Normally, in the interface of a D/A conversion apparatus constituted by a digital circuit and an analog circuit section used as the subsequent stage, a buffer that serves as an output element is commonly provided, whereby a PWM output signal outputted from the D/A conversion apparatus is supplied to the analog circuit section used as the subsequent stage.
In the buffer which drives a PWM output signal, a drive characteristic of drawing an electric current and performing pull-down to the “L” level from the “H” level as shown in FIG. 7A and a drive characteristic of emitting an electric current and performing pull-up to the “H” level from the “L” level as shown in FIG. 7B are different. That is, in the buffer, the drive capability to transition from the “H” level to the “L” level and the drive capability to transition from the “L” level to the “H” level are different.

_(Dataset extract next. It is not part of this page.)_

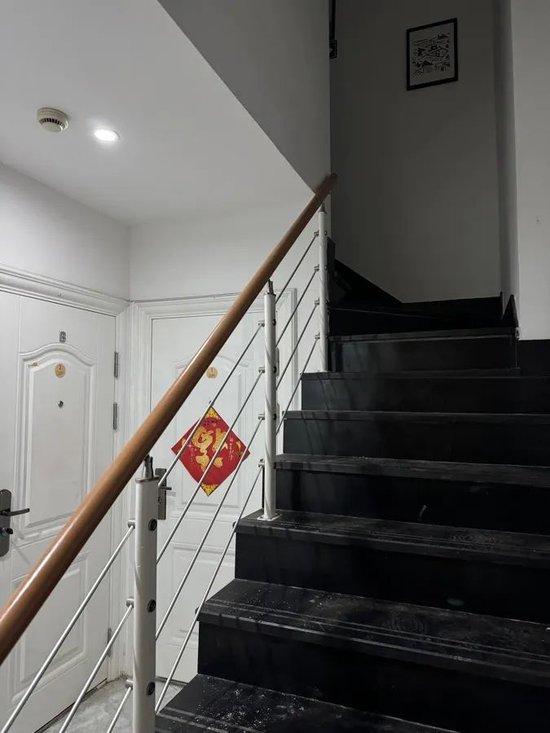 “网红大楼”跌落神坛!巅峰时有近2万张门禁卡,被污名后租客不敢租了,房价租金直跌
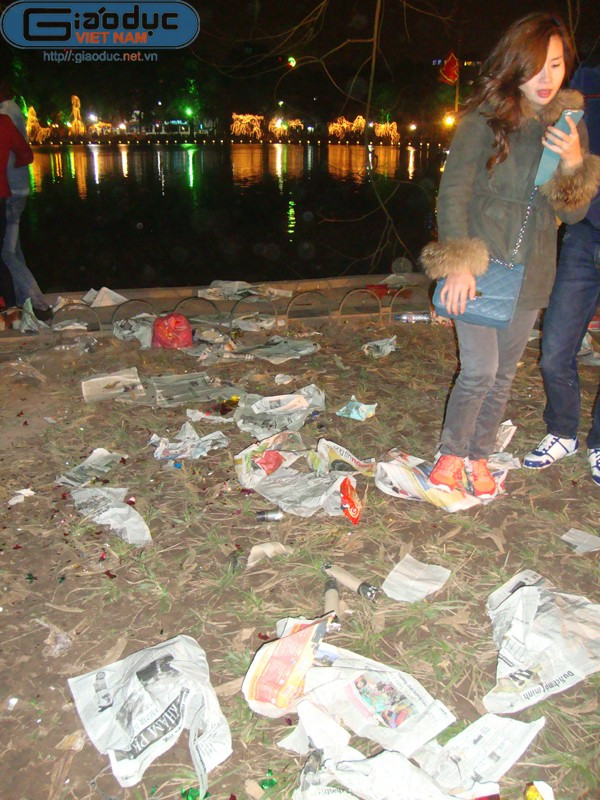 Những bạn trẻ mải mê với tạo dáng chụp hình mà quên đi dưới chân mình là một bãi rác thải.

In order for the D/A conversion apparatus to operate ideally, the amount of current to be “drawn” (a shaded area “a” in FIG. 8) and the amount of current to be emitted (a shaded area “b” in FIG. 8) should preferably be the same irrespective of the voltage before the transition, as shown in FIG. 8. However, when the pull-down and pull-up characteristics (drive capabilities) differ from each other as described above, a delay time Δt1 when transition is performed from “L” level to “H” level and a delay time Δt2 when transition is performed from “H” level to “L” level differ as shown in FIG. 9, which causes a duty error of a PWM output signal to occur. As a result, the conversion accuracy is degraded.